Save a short reprieve on Saturday, this heat wave doesn't look to be going anywhere anytime soon, according to meteorologists with the National Weather Service.

Highs so far this week have climbed into the lower 90s, and with a dew point near the 70% mark, it often felt closer to 100 degrees.

Seasonable highs this time of year are typically in the lower 80s, according to Marc Dahmer, a meteorologist with the NWS in Indianapolis.

“But there is a bit of relief coming,” he said. “Not a lot of it, not by a long stretch of the imagination, but relief nonetheless.”

This heat, he said, has been brought on by the jet stream moving farther to the north, thereby allowing a high pressure ridge to settle in right over our area.

Dahmer said residents here can expect a high today of 88 degrees, and with dew points in the upper 60s, it's likely to feel even warmer. But a storm system will move through to the north mid-morning, he said, bringing with it a welcomed front of cooler air.

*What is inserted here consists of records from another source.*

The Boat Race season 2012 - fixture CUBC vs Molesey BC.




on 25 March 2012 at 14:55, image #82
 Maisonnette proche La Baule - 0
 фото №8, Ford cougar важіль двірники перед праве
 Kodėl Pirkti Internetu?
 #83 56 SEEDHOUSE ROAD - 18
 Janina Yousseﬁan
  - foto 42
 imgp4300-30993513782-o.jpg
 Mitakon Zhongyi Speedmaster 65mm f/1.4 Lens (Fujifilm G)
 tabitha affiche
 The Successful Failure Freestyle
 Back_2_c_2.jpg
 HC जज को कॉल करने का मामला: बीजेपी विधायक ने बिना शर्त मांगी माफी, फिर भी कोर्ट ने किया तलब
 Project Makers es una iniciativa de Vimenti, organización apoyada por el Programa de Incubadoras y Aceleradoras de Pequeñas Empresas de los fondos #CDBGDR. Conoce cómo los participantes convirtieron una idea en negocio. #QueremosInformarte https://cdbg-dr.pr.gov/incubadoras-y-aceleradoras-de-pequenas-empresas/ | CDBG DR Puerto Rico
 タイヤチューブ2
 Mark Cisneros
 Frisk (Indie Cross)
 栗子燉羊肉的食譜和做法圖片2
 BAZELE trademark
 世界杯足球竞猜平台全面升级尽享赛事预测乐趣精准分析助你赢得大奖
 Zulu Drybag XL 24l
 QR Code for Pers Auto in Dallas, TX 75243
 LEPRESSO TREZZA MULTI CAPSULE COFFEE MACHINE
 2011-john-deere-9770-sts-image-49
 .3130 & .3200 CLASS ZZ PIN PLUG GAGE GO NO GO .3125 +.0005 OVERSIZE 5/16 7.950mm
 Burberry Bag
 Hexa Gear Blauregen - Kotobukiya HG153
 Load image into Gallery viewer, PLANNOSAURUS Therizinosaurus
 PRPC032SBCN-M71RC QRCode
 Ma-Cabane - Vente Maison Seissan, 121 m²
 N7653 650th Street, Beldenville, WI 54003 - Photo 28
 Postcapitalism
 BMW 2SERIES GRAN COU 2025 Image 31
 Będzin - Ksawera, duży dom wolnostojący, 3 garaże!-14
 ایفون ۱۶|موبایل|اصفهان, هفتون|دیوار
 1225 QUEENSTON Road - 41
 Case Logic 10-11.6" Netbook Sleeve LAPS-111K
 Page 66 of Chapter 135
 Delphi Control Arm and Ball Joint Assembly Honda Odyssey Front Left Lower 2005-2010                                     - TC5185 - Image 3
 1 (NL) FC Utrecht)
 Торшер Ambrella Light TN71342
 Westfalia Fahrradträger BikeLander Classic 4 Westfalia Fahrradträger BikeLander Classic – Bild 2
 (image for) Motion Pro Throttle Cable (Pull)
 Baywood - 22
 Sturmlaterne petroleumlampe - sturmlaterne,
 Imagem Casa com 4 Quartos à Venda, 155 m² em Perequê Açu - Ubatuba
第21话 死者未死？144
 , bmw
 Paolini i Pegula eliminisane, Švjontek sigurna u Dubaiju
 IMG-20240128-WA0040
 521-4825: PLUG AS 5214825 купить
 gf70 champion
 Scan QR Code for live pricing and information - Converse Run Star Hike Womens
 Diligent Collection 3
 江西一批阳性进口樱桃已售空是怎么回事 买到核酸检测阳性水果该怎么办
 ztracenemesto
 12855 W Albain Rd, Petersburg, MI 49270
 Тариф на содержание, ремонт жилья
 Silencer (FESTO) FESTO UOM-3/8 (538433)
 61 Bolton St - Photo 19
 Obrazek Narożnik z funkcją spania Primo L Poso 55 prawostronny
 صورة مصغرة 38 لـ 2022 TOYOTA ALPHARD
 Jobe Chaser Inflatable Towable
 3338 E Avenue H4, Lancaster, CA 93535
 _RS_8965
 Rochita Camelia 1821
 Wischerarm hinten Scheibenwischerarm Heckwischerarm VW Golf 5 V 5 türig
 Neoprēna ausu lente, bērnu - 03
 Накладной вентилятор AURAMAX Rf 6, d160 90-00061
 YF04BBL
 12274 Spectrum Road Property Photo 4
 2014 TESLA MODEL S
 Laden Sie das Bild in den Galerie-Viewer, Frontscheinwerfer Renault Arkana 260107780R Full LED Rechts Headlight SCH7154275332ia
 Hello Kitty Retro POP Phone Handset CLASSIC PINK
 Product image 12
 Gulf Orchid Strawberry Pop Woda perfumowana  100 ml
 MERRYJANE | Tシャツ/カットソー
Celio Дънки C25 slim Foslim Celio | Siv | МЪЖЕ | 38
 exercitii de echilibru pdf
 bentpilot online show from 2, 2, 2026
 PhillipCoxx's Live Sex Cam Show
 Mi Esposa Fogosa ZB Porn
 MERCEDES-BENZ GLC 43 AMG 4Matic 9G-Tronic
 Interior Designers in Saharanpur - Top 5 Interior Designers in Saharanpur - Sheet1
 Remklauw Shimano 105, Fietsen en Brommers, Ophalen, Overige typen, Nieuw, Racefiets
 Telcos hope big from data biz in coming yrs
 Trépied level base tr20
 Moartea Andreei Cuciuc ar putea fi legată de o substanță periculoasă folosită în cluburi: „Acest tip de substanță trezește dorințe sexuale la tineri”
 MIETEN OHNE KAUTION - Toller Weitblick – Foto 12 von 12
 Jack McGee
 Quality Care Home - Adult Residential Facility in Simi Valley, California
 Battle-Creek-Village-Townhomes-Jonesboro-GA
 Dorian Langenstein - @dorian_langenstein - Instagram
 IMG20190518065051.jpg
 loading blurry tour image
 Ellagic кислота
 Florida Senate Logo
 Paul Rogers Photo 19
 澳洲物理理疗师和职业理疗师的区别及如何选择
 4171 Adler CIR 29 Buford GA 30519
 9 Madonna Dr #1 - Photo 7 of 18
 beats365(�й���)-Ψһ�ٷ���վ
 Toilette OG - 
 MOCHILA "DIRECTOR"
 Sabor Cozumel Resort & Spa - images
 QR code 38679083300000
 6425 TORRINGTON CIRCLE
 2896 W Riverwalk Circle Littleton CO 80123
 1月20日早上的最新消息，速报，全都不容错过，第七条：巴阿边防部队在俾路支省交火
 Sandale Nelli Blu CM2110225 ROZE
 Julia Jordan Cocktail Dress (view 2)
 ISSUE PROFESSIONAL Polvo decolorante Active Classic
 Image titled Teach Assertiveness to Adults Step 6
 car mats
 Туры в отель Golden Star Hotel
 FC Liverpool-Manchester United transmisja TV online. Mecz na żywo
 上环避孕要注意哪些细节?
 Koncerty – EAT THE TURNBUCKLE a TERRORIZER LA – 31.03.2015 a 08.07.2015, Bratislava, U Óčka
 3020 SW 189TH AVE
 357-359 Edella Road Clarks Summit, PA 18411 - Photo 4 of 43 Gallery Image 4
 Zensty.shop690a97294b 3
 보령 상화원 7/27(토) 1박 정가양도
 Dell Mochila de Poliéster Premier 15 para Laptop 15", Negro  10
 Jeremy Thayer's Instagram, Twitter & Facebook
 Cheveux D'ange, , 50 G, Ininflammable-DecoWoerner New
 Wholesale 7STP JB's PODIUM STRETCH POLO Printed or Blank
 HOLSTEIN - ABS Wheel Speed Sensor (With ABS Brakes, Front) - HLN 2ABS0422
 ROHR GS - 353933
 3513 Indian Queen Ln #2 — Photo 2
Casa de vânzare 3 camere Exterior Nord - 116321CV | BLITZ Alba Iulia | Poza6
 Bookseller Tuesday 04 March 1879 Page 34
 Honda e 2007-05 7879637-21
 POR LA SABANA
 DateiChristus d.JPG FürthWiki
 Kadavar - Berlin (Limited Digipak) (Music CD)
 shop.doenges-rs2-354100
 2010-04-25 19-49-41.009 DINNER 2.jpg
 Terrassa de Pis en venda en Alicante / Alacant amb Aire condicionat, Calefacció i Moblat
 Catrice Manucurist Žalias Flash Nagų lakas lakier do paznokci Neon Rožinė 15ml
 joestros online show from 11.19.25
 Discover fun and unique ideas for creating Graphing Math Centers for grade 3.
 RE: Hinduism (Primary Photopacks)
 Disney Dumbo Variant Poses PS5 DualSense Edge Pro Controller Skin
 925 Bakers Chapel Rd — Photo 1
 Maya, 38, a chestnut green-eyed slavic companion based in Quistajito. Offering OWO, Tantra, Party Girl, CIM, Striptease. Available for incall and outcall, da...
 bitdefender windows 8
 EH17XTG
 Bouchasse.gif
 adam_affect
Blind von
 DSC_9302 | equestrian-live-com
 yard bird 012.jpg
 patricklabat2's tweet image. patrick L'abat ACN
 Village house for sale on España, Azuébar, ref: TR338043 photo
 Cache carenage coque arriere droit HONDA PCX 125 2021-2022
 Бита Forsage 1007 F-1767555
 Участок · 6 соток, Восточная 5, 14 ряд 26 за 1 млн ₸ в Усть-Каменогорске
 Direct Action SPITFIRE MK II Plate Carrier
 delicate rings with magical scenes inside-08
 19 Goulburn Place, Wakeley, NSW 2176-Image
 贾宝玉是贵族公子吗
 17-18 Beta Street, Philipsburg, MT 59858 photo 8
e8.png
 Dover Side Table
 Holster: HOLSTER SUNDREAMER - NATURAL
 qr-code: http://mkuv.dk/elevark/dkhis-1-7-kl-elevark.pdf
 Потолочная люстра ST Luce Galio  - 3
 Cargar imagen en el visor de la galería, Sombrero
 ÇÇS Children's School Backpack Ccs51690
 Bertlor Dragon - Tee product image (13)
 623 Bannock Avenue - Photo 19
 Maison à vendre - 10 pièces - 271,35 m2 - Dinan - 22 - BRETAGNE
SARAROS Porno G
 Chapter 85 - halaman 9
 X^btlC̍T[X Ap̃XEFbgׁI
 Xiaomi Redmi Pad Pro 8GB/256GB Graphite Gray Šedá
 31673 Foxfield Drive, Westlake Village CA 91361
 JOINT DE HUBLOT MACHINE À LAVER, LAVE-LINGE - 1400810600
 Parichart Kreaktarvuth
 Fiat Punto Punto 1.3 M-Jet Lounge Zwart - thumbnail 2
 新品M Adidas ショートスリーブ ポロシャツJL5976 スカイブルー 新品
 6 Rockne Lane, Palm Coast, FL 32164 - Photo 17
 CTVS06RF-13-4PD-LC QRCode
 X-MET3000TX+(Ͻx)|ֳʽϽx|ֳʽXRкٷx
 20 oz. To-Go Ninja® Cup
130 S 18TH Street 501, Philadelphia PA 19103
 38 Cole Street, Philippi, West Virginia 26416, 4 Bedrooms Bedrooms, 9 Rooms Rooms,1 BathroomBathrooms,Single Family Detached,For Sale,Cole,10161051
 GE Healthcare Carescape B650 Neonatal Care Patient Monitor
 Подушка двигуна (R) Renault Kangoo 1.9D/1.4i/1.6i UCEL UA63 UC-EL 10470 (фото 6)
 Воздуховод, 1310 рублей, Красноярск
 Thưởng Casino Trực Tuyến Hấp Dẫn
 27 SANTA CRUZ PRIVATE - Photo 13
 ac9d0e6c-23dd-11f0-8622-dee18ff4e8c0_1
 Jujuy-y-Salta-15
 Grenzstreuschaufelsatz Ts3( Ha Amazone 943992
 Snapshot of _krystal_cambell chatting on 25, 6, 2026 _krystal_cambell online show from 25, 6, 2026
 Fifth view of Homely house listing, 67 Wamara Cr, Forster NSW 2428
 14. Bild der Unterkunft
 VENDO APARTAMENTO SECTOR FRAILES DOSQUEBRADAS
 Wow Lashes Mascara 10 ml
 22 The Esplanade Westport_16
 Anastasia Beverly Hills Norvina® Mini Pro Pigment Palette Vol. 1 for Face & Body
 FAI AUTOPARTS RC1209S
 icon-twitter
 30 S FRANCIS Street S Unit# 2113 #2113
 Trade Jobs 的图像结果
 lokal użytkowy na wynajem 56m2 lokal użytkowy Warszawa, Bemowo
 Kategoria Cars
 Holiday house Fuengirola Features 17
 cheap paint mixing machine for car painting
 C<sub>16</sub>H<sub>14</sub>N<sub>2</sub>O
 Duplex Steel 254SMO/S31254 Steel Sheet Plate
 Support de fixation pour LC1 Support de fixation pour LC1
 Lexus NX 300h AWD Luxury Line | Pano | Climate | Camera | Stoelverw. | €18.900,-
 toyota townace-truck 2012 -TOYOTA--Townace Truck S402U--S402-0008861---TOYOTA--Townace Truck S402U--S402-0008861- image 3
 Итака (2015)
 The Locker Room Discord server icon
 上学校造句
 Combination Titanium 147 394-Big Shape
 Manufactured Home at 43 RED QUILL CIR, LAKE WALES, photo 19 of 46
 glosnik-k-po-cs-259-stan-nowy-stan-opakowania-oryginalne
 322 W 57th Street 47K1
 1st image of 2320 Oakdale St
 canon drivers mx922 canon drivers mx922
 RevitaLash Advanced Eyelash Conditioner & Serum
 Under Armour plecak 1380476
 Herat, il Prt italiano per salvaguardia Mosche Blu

Storms and precipitation are possible here, he said, but only about a 20% chance.

“We're really not expecting much,” he said, “in the way of rain.”

The front will, however, usher in cooler, less humid air — at least for Saturday.

“That system is going to throw a cold front into our area, bringing temperatures back down,” he said, “although still above normal.”

Meteorologists are calling for a high Saturday of 86 degrees, and while that might not sound like a huge shift, the dew point will be lessened as a result of the front, thereby allowing for a more comfortable-feeling day.

“If you have anything you need to do outside, Saturday is the best day to get it done,” he said.

That's because the mercury will rise yet again on Sunday as meteorologists are calling for a high back up in the upper 80s, if not lower 90s. And with dew points rising again into the middle 60s, it will feel even warmer.

“And that pattern looks to hold for awhile, at least until next weekend,” Dahmer said. “It will likely be (Sept. 21-22) before we see another a decent cool down.”

Meteorologists are calling for highs all next week in the upper 80s and lower 90s. Highs next weekend, however, look to drop into the upper 70s, according to the long-term forecast.

“But that's still seven days away,” Dahmer said, “so I can't say for certain.”

Hot, summertime weather, however, isn't abnormal for September; the first day of fall isn't until Sept. 23, after all.

“It's typically late September or early October before we really start to see that first swing to cooler conditions,” he said. “Once we get into these (seasonal) transition months, these kinds of patterns — one week up, one week down — aren't that unusual.

“It's just the natural ebb and flow of the seasons.”